Your objective: Return the records exactly, from the first line through the "Ford Transit MK8" line.

[Data extracted from a collection]
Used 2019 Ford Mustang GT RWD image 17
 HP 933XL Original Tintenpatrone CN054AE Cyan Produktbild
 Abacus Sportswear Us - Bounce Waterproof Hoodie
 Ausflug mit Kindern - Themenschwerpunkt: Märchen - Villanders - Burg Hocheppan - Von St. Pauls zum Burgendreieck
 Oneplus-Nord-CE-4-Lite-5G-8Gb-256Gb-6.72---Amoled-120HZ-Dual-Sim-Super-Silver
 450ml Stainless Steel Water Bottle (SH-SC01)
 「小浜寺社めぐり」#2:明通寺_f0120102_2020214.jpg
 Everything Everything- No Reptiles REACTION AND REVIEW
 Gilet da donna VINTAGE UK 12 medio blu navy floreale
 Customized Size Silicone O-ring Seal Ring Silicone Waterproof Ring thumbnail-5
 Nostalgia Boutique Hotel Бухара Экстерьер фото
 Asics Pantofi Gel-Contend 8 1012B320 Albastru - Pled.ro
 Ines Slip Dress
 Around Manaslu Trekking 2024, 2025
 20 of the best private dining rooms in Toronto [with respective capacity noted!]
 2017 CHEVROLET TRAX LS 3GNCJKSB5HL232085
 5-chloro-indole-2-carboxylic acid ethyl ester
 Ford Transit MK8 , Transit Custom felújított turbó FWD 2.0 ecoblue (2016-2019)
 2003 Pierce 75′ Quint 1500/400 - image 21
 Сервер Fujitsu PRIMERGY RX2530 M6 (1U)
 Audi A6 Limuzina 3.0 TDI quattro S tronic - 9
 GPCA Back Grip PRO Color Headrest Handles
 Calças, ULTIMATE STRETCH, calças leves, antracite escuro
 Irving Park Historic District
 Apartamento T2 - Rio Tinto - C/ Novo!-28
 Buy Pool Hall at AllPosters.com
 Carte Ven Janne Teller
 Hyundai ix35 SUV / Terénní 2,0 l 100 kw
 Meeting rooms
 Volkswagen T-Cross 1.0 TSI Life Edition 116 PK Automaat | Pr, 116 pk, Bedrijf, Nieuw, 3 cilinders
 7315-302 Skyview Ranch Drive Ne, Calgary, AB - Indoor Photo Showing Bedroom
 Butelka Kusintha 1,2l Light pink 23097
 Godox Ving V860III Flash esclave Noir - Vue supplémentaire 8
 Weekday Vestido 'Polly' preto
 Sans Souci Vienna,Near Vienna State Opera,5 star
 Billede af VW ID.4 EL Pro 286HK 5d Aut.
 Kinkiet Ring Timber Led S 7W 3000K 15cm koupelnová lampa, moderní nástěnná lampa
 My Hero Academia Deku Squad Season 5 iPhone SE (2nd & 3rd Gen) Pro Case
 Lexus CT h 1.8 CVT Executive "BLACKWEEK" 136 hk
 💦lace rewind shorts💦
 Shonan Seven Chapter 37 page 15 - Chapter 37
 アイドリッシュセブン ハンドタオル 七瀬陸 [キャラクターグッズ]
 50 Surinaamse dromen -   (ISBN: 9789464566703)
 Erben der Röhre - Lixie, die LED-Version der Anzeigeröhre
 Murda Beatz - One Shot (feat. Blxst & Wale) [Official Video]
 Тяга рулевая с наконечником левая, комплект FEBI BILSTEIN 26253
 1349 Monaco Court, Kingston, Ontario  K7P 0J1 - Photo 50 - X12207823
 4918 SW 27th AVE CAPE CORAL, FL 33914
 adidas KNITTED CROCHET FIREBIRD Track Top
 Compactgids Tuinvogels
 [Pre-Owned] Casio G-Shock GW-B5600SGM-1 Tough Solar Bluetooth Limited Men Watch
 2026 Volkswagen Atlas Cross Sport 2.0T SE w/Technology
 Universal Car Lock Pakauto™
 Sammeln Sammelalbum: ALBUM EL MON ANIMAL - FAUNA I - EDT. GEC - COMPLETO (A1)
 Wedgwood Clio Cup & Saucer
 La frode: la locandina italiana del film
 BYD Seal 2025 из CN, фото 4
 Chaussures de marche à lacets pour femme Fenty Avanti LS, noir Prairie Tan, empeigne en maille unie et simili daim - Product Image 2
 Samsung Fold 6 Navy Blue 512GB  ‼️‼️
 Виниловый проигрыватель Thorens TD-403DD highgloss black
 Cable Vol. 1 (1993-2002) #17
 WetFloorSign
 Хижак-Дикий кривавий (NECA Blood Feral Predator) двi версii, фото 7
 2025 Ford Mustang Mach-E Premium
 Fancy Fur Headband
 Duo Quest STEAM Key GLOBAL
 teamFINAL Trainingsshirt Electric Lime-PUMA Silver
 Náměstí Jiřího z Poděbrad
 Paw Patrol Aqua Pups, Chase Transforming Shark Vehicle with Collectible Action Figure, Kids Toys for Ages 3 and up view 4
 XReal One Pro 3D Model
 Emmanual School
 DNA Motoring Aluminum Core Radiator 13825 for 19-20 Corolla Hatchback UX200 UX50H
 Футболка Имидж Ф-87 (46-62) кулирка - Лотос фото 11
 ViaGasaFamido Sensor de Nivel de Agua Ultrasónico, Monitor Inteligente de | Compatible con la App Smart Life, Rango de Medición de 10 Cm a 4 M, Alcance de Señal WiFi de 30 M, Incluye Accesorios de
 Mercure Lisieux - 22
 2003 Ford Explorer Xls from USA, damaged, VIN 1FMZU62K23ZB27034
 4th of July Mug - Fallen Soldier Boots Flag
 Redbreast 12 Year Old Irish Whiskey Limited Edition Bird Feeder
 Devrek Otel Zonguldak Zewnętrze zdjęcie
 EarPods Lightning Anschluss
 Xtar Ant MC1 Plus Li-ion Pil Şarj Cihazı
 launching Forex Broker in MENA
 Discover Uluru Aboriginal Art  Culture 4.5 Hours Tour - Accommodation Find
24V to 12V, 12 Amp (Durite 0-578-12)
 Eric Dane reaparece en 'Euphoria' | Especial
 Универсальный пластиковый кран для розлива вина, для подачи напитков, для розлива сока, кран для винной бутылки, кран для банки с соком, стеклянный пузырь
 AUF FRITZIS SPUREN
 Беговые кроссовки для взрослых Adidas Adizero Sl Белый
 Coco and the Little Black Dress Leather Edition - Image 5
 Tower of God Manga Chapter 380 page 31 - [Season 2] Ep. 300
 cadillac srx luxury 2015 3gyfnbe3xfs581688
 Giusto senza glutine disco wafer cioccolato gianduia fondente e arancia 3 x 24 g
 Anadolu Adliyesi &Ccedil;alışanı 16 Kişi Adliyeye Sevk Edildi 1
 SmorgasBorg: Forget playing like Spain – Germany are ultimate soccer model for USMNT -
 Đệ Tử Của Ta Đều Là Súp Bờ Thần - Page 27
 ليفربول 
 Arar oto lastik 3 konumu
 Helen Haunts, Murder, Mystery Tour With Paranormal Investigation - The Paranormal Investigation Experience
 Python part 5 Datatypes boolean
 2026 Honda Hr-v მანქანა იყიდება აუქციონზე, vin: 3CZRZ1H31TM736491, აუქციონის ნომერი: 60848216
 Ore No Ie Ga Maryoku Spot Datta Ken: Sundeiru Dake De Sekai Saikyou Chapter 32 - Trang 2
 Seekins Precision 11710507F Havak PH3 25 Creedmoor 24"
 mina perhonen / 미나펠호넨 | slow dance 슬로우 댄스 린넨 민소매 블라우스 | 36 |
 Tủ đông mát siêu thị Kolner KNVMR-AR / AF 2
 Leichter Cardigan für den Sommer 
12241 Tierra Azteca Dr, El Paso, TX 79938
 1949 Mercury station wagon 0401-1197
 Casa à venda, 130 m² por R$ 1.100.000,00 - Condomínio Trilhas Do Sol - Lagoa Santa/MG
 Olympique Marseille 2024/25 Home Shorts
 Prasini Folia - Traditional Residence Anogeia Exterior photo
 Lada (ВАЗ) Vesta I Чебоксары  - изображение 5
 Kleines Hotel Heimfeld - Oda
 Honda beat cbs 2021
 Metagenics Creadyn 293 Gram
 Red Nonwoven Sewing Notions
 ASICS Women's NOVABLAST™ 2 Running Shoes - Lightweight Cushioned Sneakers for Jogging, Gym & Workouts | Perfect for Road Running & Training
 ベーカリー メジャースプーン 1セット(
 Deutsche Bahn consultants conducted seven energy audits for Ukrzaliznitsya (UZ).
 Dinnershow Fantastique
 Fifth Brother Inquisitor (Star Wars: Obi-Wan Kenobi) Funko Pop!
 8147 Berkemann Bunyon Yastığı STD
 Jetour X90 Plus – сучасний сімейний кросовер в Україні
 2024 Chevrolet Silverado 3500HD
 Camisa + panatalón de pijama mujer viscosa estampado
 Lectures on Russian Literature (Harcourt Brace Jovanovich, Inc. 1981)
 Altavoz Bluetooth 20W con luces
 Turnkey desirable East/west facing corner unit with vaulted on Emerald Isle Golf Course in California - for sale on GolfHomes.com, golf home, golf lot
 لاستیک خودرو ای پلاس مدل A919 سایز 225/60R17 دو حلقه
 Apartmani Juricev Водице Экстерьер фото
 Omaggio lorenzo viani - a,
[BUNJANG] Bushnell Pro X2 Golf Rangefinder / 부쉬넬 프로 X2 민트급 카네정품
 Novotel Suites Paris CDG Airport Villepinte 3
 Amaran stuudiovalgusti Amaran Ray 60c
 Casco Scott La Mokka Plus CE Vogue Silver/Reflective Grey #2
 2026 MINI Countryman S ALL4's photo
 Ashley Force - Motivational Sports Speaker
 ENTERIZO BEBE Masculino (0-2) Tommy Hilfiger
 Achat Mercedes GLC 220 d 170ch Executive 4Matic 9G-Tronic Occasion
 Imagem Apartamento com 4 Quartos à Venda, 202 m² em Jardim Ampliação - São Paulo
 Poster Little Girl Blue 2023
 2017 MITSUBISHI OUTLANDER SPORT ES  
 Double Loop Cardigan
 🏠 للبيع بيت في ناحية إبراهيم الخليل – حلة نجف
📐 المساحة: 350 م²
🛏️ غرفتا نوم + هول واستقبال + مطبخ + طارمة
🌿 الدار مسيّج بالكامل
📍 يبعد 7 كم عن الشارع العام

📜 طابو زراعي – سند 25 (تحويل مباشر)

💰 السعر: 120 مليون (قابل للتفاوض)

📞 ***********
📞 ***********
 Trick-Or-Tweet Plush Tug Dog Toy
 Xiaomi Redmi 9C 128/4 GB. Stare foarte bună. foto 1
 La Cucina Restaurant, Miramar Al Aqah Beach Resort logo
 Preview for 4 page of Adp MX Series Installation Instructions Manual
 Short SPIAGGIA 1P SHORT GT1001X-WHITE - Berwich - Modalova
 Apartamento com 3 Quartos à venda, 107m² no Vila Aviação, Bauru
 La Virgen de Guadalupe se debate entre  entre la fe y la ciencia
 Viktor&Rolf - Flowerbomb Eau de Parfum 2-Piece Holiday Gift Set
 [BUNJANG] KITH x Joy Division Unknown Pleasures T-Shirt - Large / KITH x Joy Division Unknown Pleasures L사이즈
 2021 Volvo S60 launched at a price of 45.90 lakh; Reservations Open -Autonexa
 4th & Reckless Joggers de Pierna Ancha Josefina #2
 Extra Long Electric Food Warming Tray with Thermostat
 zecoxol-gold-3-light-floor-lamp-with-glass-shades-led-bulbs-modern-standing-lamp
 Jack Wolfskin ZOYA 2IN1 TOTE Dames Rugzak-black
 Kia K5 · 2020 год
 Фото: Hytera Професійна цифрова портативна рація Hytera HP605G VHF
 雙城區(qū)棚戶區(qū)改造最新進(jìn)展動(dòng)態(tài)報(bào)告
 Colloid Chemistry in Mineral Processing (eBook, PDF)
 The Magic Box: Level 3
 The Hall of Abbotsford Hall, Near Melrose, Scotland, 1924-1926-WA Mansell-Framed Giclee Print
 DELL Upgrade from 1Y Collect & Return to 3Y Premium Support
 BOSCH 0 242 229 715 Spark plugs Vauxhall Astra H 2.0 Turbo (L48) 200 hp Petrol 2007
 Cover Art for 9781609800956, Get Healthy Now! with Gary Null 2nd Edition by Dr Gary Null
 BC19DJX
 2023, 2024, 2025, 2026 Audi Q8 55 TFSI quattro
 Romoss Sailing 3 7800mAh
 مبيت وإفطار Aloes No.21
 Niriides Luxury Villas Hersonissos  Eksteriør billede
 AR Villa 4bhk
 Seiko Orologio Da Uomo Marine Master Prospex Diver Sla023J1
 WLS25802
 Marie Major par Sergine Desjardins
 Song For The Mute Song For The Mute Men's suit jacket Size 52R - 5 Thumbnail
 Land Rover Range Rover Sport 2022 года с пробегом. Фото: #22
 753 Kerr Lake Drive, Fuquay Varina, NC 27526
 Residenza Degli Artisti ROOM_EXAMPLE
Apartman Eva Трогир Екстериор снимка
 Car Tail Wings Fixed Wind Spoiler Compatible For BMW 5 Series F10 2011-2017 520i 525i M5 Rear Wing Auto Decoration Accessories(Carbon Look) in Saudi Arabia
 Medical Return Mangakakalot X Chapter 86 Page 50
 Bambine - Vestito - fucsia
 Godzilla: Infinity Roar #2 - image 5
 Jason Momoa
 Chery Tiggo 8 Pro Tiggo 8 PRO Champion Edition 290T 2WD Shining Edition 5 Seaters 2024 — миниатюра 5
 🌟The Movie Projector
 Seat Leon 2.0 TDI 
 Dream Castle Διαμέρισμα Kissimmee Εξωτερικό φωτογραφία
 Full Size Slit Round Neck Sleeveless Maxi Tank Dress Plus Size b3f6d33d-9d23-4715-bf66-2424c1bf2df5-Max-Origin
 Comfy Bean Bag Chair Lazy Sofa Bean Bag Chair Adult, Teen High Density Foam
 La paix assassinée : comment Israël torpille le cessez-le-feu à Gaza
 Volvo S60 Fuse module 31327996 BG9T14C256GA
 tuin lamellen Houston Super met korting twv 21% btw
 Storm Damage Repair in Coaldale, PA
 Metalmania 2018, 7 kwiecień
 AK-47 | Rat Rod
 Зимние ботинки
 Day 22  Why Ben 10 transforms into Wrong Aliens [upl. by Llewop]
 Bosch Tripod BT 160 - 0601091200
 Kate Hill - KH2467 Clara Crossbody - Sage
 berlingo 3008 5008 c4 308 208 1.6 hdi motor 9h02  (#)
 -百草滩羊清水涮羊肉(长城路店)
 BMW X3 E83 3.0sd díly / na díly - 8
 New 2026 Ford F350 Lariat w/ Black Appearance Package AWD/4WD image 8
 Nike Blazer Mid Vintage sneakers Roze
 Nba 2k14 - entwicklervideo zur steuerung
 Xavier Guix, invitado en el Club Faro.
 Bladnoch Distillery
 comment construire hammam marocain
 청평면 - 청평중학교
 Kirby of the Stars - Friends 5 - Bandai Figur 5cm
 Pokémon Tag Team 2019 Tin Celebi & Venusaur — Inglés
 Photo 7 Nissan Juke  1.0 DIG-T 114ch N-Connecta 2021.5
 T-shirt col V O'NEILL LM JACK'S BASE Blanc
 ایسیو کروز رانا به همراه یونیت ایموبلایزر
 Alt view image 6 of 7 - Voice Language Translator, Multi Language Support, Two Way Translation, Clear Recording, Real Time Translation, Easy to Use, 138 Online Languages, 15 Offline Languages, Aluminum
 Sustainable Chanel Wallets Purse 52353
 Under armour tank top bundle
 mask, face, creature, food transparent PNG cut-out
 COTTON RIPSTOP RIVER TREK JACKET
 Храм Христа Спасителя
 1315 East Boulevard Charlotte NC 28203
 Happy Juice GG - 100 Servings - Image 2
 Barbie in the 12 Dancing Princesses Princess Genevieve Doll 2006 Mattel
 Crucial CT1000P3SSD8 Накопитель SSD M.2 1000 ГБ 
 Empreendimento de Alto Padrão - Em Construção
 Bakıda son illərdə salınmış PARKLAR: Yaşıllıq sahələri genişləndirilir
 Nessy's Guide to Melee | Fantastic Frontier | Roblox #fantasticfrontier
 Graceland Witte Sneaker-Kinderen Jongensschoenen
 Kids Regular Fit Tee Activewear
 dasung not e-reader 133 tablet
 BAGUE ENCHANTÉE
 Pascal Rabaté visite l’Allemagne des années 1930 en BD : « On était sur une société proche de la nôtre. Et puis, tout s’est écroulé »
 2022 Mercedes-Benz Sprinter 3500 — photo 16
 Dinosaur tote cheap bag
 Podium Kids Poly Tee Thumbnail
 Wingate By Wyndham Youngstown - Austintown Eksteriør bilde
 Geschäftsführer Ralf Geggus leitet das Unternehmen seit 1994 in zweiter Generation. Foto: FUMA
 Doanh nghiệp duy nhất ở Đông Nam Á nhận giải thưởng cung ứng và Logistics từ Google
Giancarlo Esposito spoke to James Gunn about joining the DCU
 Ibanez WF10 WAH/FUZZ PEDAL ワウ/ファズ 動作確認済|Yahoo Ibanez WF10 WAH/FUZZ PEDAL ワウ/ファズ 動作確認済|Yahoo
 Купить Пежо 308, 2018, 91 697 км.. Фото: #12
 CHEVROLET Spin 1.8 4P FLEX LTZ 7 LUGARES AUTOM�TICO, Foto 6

Exercise output:
Used 2019 Ford Mustang GT RWD image 17
 HP 933XL Original Tintenpatrone CN054AE Cyan Produktbild
 Abacus Sportswear Us - Bounce Waterproof Hoodie
 Ausflug mit Kindern - Themenschwerpunkt: Märchen - Villanders - Burg Hocheppan - Von St. Pauls zum Burgendreieck
 Oneplus-Nord-CE-4-Lite-5G-8Gb-256Gb-6.72---Amoled-120HZ-Dual-Sim-Super-Silver
 450ml Stainless Steel Water Bottle (SH-SC01)
 「小浜寺社めぐり」#2:明通寺_f0120102_2020214.jpg
 Everything Everything- No Reptiles REACTION AND REVIEW
 Gilet da donna VINTAGE UK 12 medio blu navy floreale
 Customized Size Silicone O-ring Seal Ring Silicone Waterproof Ring thumbnail-5
 Nostalgia Boutique Hotel Бухара Экстерьер фото
 Asics Pantofi Gel-Contend 8 1012B320 Albastru - Pled.ro
 Ines Slip Dress
 Around Manaslu Trekking 2024, 2025
 20 of the best private dining rooms in Toronto [with respective capacity noted!]
 2017 CHEVROLET TRAX LS 3GNCJKSB5HL232085
 5-chloro-indole-2-carboxylic acid ethyl ester
 Ford Transit MK8 , Transit Custom felújított turbó FWD 2.0 ecoblue (2016-2019)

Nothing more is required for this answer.